Effect of Bioconjugation of Oligodeoxynucleotides with Lutein on N-nitrosodimethylamine Induced Fibrosis in Cultured Human Retinal Pigment Epithelial Cells

• Published in: Asian journal of biochemistry Vol. 10; no. 2; pp. 78 - 85
• Main Authors: Kumar, Mukunda Chethan, Swetha, Kondagula Shivappa
• Format: Journal Article
• Language: English
• Published: 08.07.2015
• ISSN: 1815-9923; 1815-9931
• DOI: 10.3923/ajb.2015.78.85

This study was conducted to elucidate the effect of bioconjugation of oligodeoxynucleotides with Lutein on antifibrotic activity using cultured adult human retinal pigment epithelial (ARPE-19) cells as model system. Fibrosis was induced in ARPE-19 cells by N-Nitrosodimethylamine (DMN) at a dose of 10 mu L (diluted 1:100 with 0.15 M sterile NaCl). Oligodeoxynucleotides specific for Hepatocyte Growth Factor (HGF) and p38 Mitogen Activated Protein Kinase (MAPK) genes modified with a sulfhydryl group at the 3' end (500 nmol) was conjugated with 10 mg of Lutein. Expression of HGF, p38 MAPK and production of extracellular matrix proteins (ECM) such as collagen type I and fibronectin were assayed.

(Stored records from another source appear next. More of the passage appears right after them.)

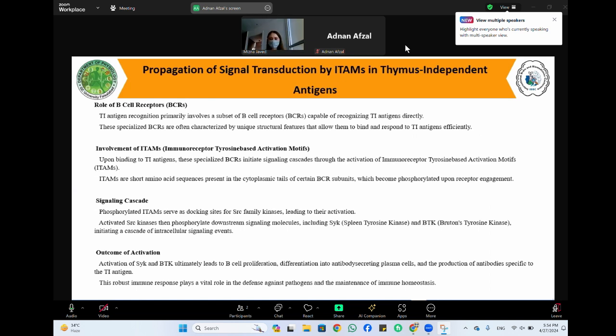The involvement of immunoreceptor tyrosine-based activation motifs (ITAMs) is important in mediating signaling events in B cell receptor signaling, T cell receptor signaling, and other immunoreceptors. In adaptive immune response, ITAMs in B cell receptors and T cell receptor signaling are critical for the initiation and regulation of adaptive immune responses, by translating signals from antigen recognition to intracellular signaling cascades.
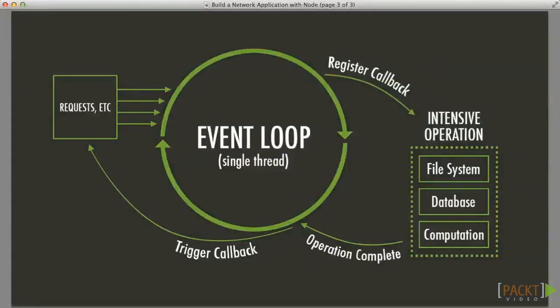Secondly, by using the event loop to act as an intermediary between the program and the thread pool used to execute asynchronous operations, Node developers can enjoy the benefits of concurrency without the complexity of directly managing multiple threads, which requires strategies for avoiding deadlocks and competition over shared resources.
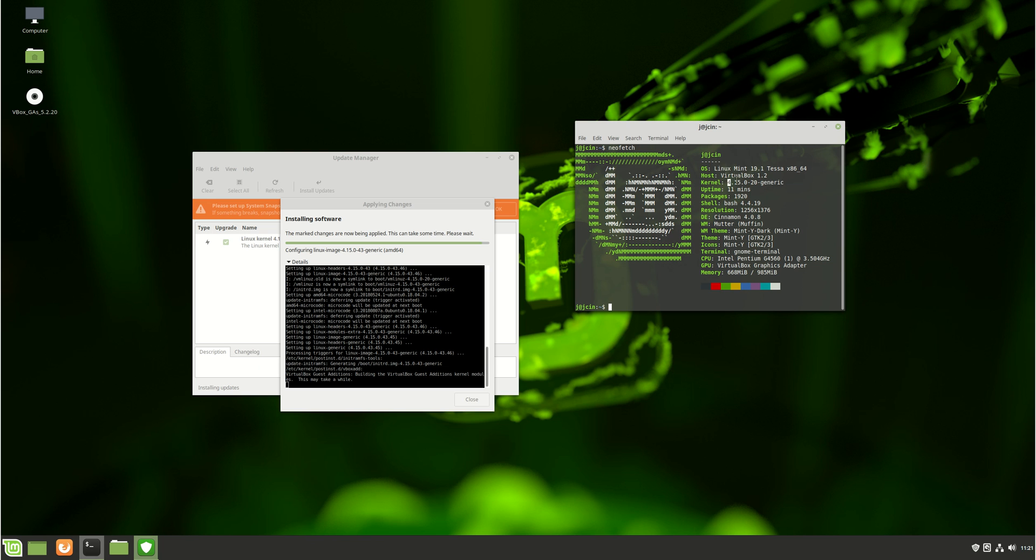It does seem to hold back from going to the later releases, such as 4.16, 17, and 4.18, which is what Ubuntu is currently on.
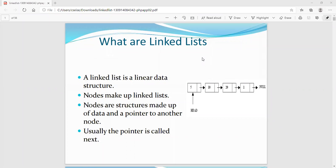In module one we covered introduction to data structures, and module two was stacks and queues. Now in module three we come to the third type of data structure: the linked list. A data structure means organizing data by inserting, deleting, sorting, and searching elements. So all of these operations are part of what we call a data structure.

The intracellular expression of Hepatocyte Growth Factor (HGF) and its receptor gene, p38 MAPK showed suppression in ARPE-19 cells treated with DMN+Lutein 15 mu g/20 mu L conjugated with oligodeoxynucleotides for HGF and p38 MAPK, respectively. A 50% of ARPE-19 cells showed an increase in type I collagen (582+ or -92 pg) in DMN treated cells versus 220+ or -42, p<0.001 (untreated) and it was 389+ or -61 pg in cells treated with DMN+Lutein 15 mu g/20 mu L oligodeoxynucleotides conjugated. The fibronectin level was 1,422+ or -60 pg in DMN treated cells versus 360+ or -24, p<0.001 (untreated) and it was 760+ or -59 pg in cells treated with DMN+Lutein 15 mu g/20 mu L oligodeoxynucleotides conjugated. These results demonstrate that bioconjugation of ODNs with Lutein would significantly suppress HGF/cMet, p38MAPK expression, collagen type I, fibronectin and quench the associated reactive oxygen species contributing for the progression of fibrosis in ARPE-19 cells.